Repairs on Mulholland Drive

Trump’s Infrastructure Plan is a Rare, and Potentially Bipartisan, Feel Good Moment

President Trump’s proposed trillion dollar plus infrastructure program represents a rare, and potentially united feel good moment. Yet before we jump into a massive re-do of our transportation, water and electrical systems, it’s critical to make sure we get some decent bang for the federal buck.

In principle, improving our physical connectivity should improve the economy, particularly in more rural areas where moving goods is often challenging. Modernizing our dilapidated waterways, protecting coastal cities from floods, preparing better systems to store water as well as fixing the roads and eliminating traffic bottlenecks are genuine priorities.

Yet, as can be seen by examples from Japan, infrastructure development can also create boondoggles that enrich vested interests but not spur economic growth. Like a child in love of shiny things, politicians tend to embrace infrastructure not so much for its efficacy, but to advance their careers and political agendas.

What can go wrong?

To see how bad decisions can be, look at California, a state which once led in economically critical infrastructure but now striving to present the worst possible example. Over the past two decades, California has become among the states least committed to new infrastructure, despite absurdly high tax levels. And when the spigot has been turned on, it’s been largely to socially engineer people from roads, which provide nearly all trips, to transit.

The losers here are Californians, with massive spending on transit rail rejects people cannot use, while the roads they depend on are among the nation’s worst. Less than 2 percent of the state’s motorized travel is on transit and ridership is declining. Worse, transit provides little mobility compared to cars. In the largest California metropolitan areas, the average worker can reach 65 times as many jobs by car as by transit in 30 minutes, even with our traffic congestion. No wonder that poorer people in Los Angeles are increasingly buying their own cars, a development that UCLA researchers acknowledge is valuable, but then express the view that “driving is too cheap” in a state with high gas prices and an excessively high cost of living.

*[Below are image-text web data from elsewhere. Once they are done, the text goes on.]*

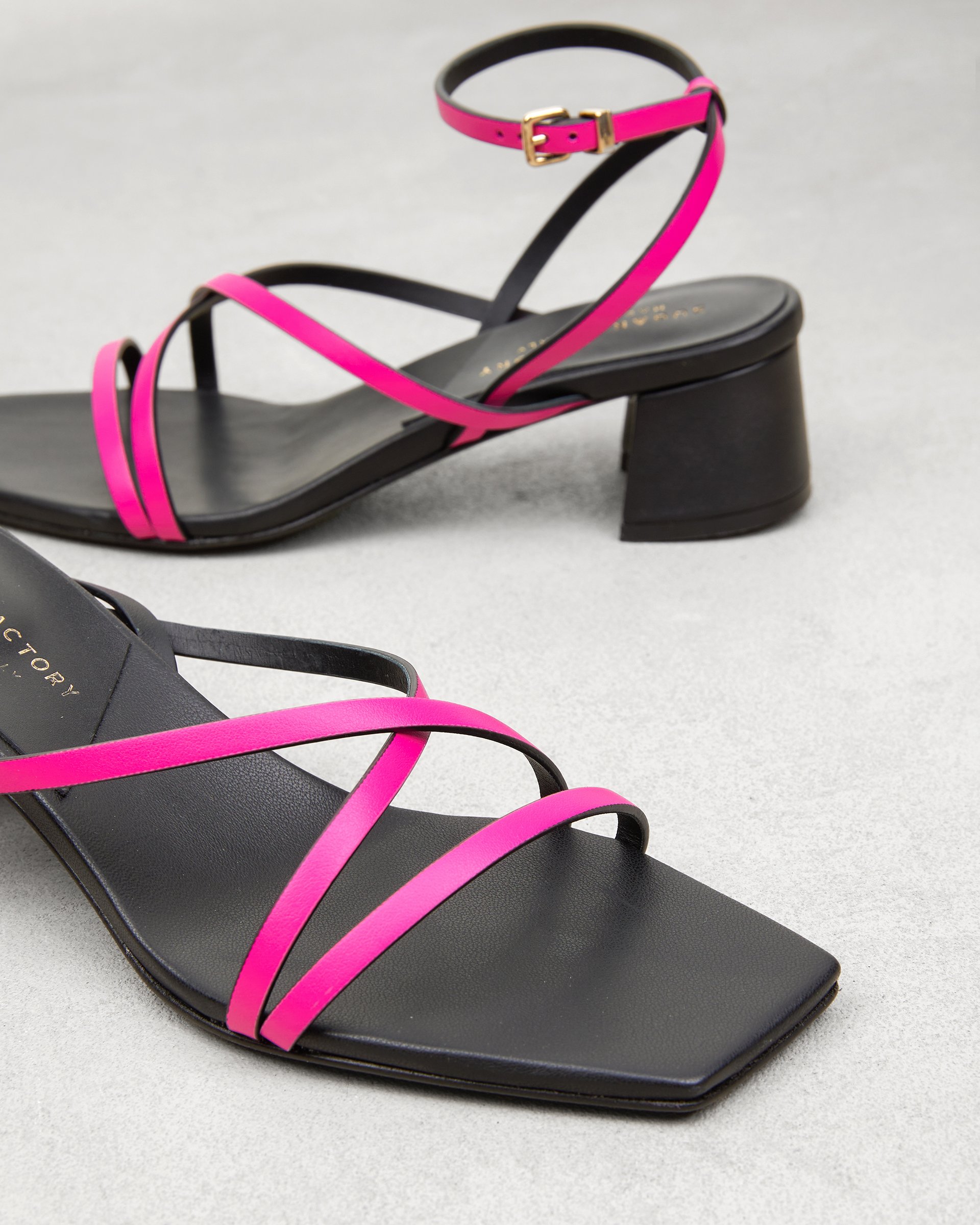 Розовые кожаные босоножки - Image 4 of 4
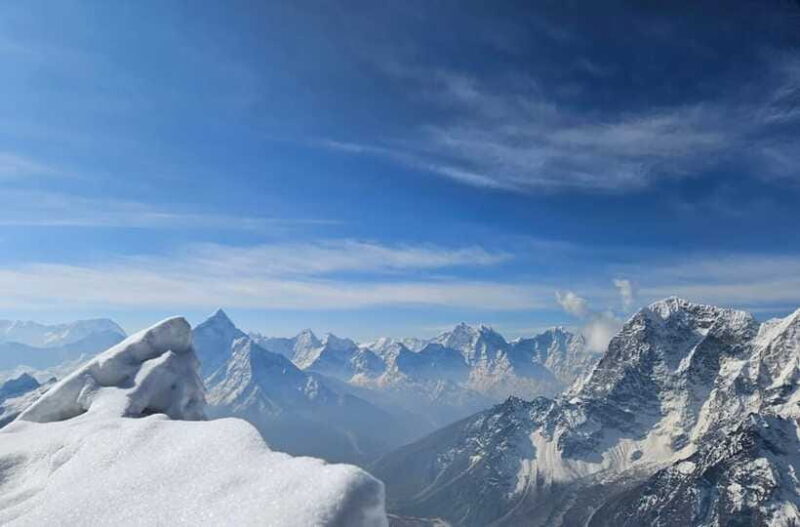 Lobuche Peak Climbing 2025/2026 - The High-Altitude Climb: Lobuche and the Summit Push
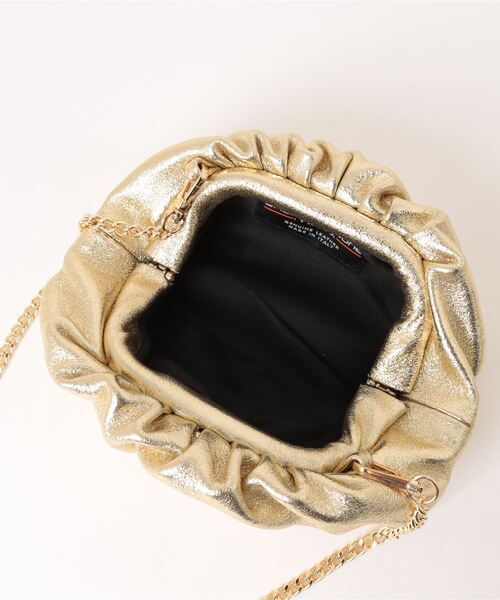 andrea cardone（アンドレアカルドネ）の「【ANDREA CARDONE】メタリックレザーチェーンバッグ(Q46439)（ショルダーバッグ・レディース・ゴールド/ブロンズ/シルバー・ALL）」の14枚目の写真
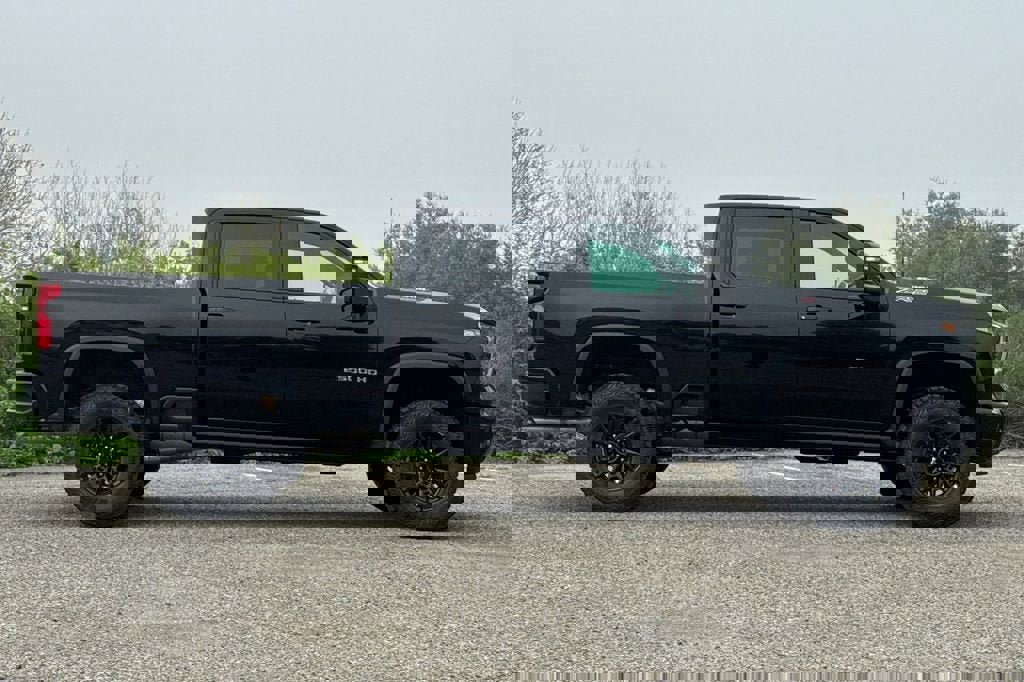 New 2026 Chevrolet Silverado 2500 ZR2 image 3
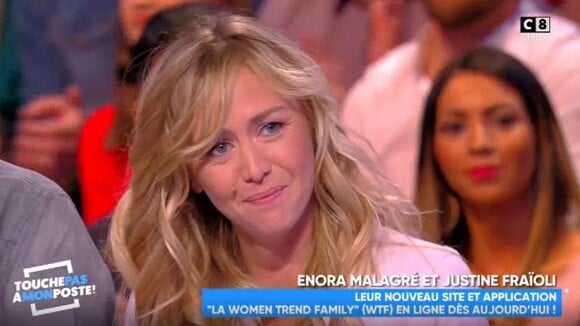 Énora Malagré émue aux larmes pour son retour dans "Touche pas à mon poste" (C8) lundi 23 avril 2018.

Rather than improve mobility, Gov. Jerry Brown has obsessed on a high-speed train with costs more than twice original projections, yet, with now slower travel times. This vanity project could place enormous strains on the state budget, while doing little, or nothing, to reduce greenhouse gases. Prominent Democrats, like Senate Transportation Chairman Jim Beall, D-San Jose, have turned skeptical while the liberal columnist George Skelton has uncharacteristically suggested Brown’s legacy could well end up as a “boondoggle bullet train to nowhere.”

Two essential elements: Localism and a fix on the future

Given these experiences, the president and Congress need to correct the enormous distortions that now bedevil infrastructure investment. Federal incentives tend to favor massive spending on mass transit, which, although useful for commuting to a few large downtown areas, have proven ineffective in terms of improving mobility or attracting drivers.